__Task description__
Pictures aside, restate the records below exactly as written.

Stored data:
--------------------

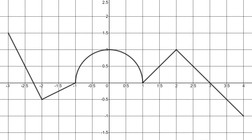In this video, I want to work through five short examples of evaluating definite integrals using a graph and geometric formulas. When you evaluate a definite integral, you're really finding the area of the region bound between the graph of the function and the x-axis. If the region is above the x-axis, the area is considered positive, and if the region is below the x-axis, the area is negative.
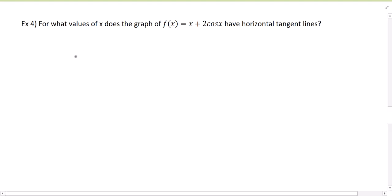In this video, we're going to continue our discussion of derivatives of trigonometric functions. This is part two of that video series. Here's our example: for what values of x does the graph of f(x) = x + 2cos(x) have horizontal tangent lines?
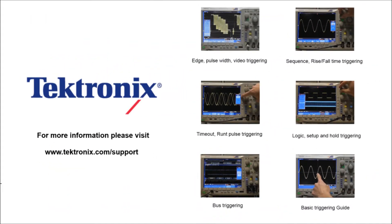Thank you for watching our video. If you'd like to learn more information about our products, please visit www.Tektronix.com/support. Or if you'd like to learn more about advanced triggering, please click on one of the links provided.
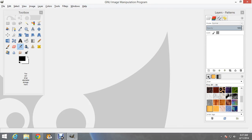Hello everyone. This is Mysterious with another video tutorial. In this one, what we're going to do is learn how to convert regular pictures into sort of like a comic picture, using a few techniques, and we're going to also insert another picture inside another one.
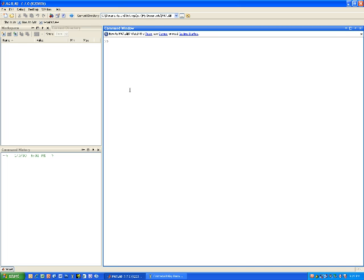To declare a variable, we type in that variable — let's call it y — we set an equal sign, and maybe declare it as a mathematical expression: 3 times 3. You notice now y, rather than the answer ans equals 9, I have a variable name y and that equals 9. I have it again in the command history.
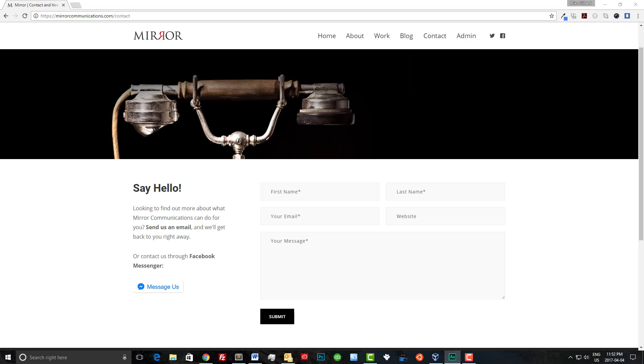Hey guys, Brian Gilbank here from Mirror Communications. Today I'm going to show you how to add Facebook Messenger to your website.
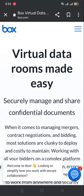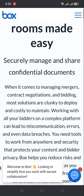Hello guys, welcome back to my YouTube channel. We are discussing virtual data rooms made easy - securely manage and share confidential documents. When it comes to managing mergers, contract negotiations, and bidding, most solutions are clunky to deploy and costly to maintain.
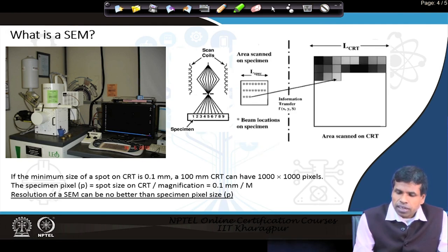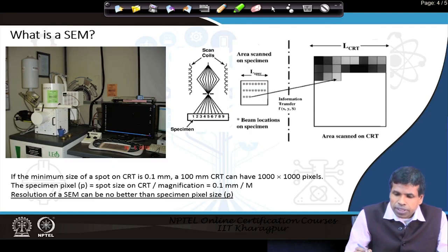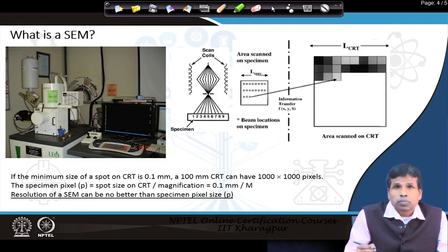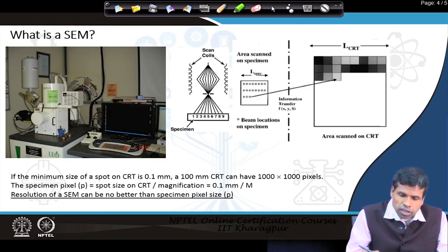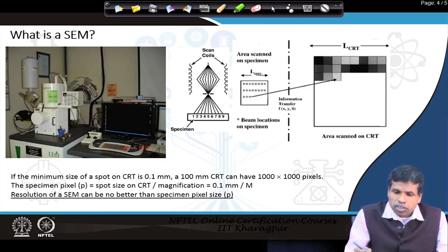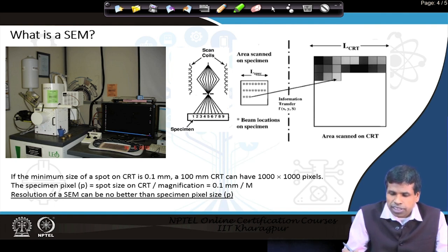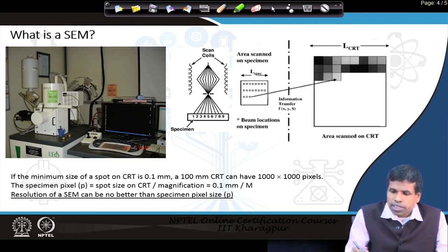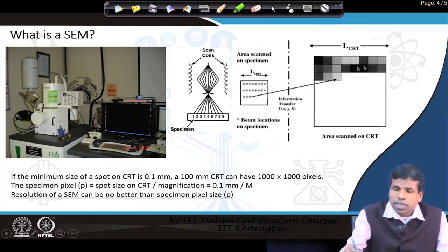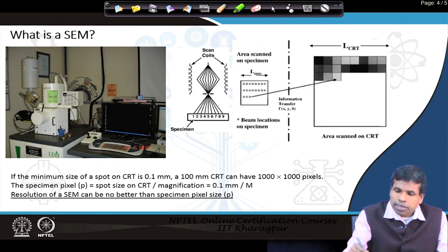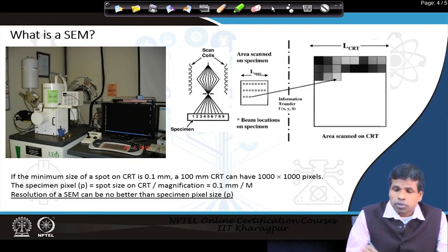As the electron beam scans, secondary electrons are generated in different quantities from different points of the specimen. Some points generate fewer secondary electrons and some generate more. Where more secondary electrons are generated, those areas appear bright on the screen; where fewer are generated, those areas appear darker. This brightness difference on the screen creates three-dimensional black and white images — this is what happens in a scanning electron microscope.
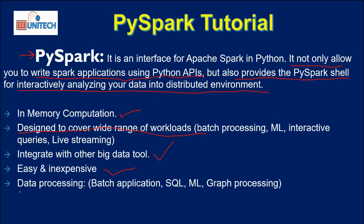Next is data processing. We can process data in batch applications, SQL, ML, and graph processing — all these types of data. As mentioned, we can process unstructured data, structured data, live data, graph processing, and batch processing. Everything can be processed using PySpark. These are the major benefits of why we should use PySpark.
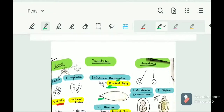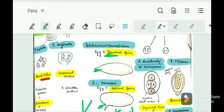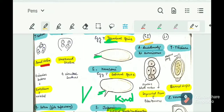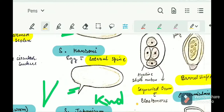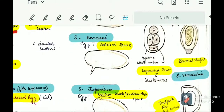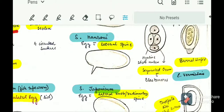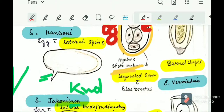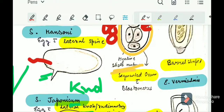For nematodes, we can differentiate by location — small intestine nematodes versus large intestine nematodes. Small intestine nematodes include Ancylostoma duodenale and Necator americanus. Both eggs look similar: they appear as a hyaline membrane shell with a segmented ovum inside containing blastomeres. The segmented ovum with four blastomeres is the key feature.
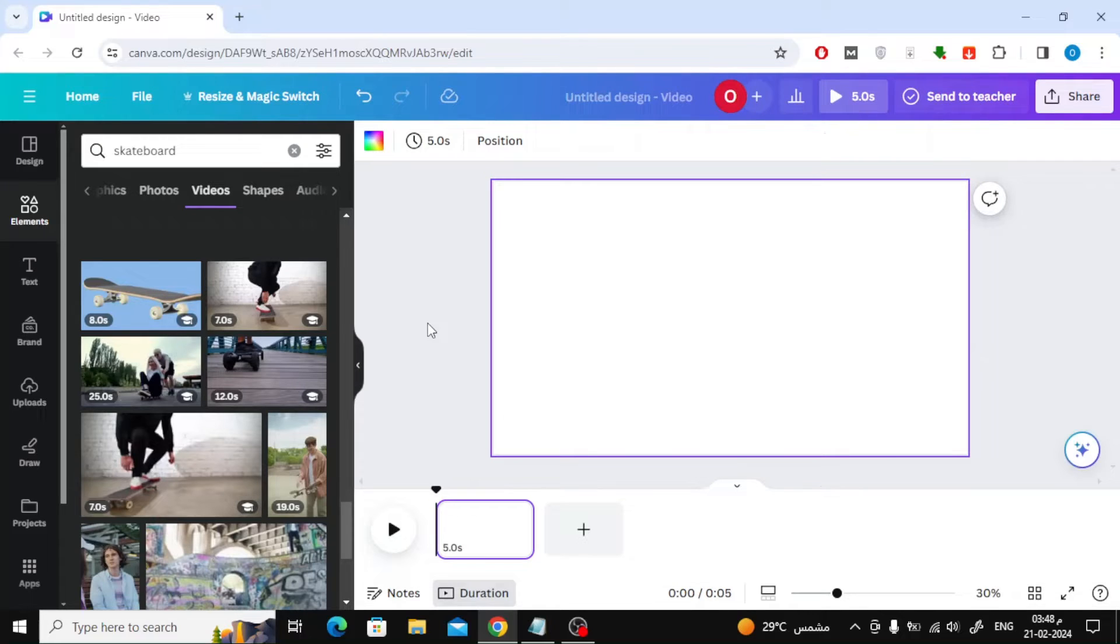Now the second way to make loop video. From the bottom, drag the edge of the box with the mouse to increase the time as you want.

--------------------

__Your response__
In this video, I want to work through five short examples of evaluating definite integrals using a graph and geometric formulas. When you evaluate a definite integral, you're really finding the area of the region bound between the graph of the function and the x-axis. If the region is above the x-axis, the area is considered positive, and if the region is below the x-axis, the area is negative.
In this video, we're going to continue our discussion of derivatives of trigonometric functions. This is part two of that video series. Here's our example: for what values of x does the graph of f(x) = x + 2cos(x) have horizontal tangent lines?
Thank you for watching our video. If you'd like to learn more information about our products, please visit www.Tektronix.com/support. Or if you'd like to learn more about advanced triggering, please click on one of the links provided.
Hello everyone. This is Mysterious with another video tutorial. In this one, what we're going to do is learn how to convert regular pictures into sort of like a comic picture, using a few techniques, and we're going to also insert another picture inside another one.
To declare a variable, we type in that variable — let's call it y — we set an equal sign, and maybe declare it as a mathematical expression: 3 times 3. You notice now y, rather than the answer ans equals 9, I have a variable name y and that equals 9. I have it again in the command history.
Hey guys, Brian Gilbank here from Mirror Communications. Today I'm going to show you how to add Facebook Messenger to your website.
Hello guys, welcome back to my YouTube channel. We are discussing virtual data rooms made easy - securely manage and share confidential documents. When it comes to managing mergers, contract negotiations, and bidding, most solutions are clunky to deploy and costly to maintain.
As the electron beam scans, secondary electrons are generated in different quantities from different points of the specimen. Some points generate fewer secondary electrons and some generate more. Where more secondary electrons are generated, those areas appear bright on the screen; where fewer are generated, those areas appear darker. This brightness difference on the screen creates three-dimensional black and white images — this is what happens in a scanning electron microscope.
Next is data processing. We can process data in batch applications, SQL, ML, and graph processing — all these types of data. As mentioned, we can process unstructured data, structured data, live data, graph processing, and batch processing. Everything can be processed using PySpark. These are the major benefits of why we should use PySpark.
For nematodes, we can differentiate by location — small intestine nematodes versus large intestine nematodes. Small intestine nematodes include Ancylostoma duodenale and Necator americanus. Both eggs look similar: they appear as a hyaline membrane shell with a segmented ovum inside containing blastomeres. The segmented ovum with four blastomeres is the key feature.
Now the second way to make loop video. From the bottom, drag the edge of the box with the mouse to increase the time as you want.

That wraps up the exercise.